Focusing on Functionality - How to get better results in nutritional therapy
13 May 2011
Lorraine Nicolle MSc, NTCC
Published in CAM Magazine, Vol 2, Issue 8, April 2011
When Patsy came to my practice one grey, Autumn day, her chief complaints were persistent fatigue and irritability. But she also alluded to a host of other symptoms, which, when taken together, were making her feel a lot older than her chronological age (of 40 years). On further investigation, she was experiencing bloating after eating, mild, nagging, recurrent headaches, an itchy skin rash, poor sleep and anxiety. She was also about a stone overweight. One source of Patsy’s anxiety was the fear of breast cancer – her mother had just come through this and she was aware of the potential inherited tendency. She had trouble with cravings while on diets and she drank too much coffee, in a bid to overcome her seemingly relentless fatigue, which also prevented her from exercising. She used medicated cream for her skin and was considering antidepressants but not yet using them.
Whatever type of CAM therapy you practice, you are likely to recognize this type of chronic, long-term scenario only too well. But with so many symptoms presenting simultaneously, what are the best points at which to intervene; and how should such interventions be prioritised?
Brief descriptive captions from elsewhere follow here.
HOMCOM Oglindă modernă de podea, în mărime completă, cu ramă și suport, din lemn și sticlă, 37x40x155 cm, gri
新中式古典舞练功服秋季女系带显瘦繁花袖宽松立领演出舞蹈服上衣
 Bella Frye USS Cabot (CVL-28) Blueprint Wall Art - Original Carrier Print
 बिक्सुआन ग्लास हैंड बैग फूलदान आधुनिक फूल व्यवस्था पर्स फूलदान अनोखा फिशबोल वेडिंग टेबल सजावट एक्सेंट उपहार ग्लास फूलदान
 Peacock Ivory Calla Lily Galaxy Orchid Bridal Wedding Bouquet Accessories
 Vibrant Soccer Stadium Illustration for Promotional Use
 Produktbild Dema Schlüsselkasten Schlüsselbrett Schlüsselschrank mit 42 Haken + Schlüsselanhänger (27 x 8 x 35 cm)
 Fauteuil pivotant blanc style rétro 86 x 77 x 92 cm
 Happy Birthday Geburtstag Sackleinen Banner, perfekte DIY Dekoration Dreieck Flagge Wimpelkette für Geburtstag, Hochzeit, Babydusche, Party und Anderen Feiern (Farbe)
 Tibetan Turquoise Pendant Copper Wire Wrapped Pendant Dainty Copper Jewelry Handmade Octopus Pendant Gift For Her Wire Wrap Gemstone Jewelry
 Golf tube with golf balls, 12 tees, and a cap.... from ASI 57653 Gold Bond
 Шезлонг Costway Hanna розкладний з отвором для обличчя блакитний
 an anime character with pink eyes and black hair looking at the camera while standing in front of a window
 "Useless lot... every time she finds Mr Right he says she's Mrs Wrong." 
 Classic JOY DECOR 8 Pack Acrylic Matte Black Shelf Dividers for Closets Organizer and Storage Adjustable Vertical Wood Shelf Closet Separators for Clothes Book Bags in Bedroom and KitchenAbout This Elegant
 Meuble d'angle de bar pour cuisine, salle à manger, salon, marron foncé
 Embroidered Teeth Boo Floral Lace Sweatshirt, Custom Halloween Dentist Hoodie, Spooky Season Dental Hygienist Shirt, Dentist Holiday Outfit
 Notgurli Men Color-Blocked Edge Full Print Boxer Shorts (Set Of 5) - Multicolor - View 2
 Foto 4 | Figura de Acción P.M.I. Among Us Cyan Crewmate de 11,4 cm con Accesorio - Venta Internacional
It was precisely these questions that sparked the idea for the recently published book Biochemical Imbalances in Disease (1). Both converts to the Functional model of patient care (developed in the 1980s by the Institute of Functional Medicine - IFM) (2), the editor-authors firmly believed that the only logical approach to such complex cases was one that began with an in-depth delve into the patient’s life story and family history. This would then be complemented by relevant laboratory investigations. The aim would be to identify any biochemical imbalances, along with other antecedents, triggers and mediators* that were likely to be contributing to Patsy’s current state of ill-health. Such a Functional modus operandi differs from the allopathic approach in that it asks, ‘What sort of individual has the disease?’, rather than, ‘What disease does the patient have?’.
Paucity of training in the UK
It came as a surprise to learn, during research of BANT-registered** nutritional therapists (NTs) (3), that a sizeable proportion of NTs had not had the opportunity to learn about Functional Medicine (FM), despite the fact that clinicians using the model found that it
significantly enhanced their practices (see box). From this came forth the idea to create a ‘handbook’ on the use of the Functional model, written by UK practitioners and educators, for UK (and other) healthcare practitioners and students, and complementing the in-depth texts produced by the IFM.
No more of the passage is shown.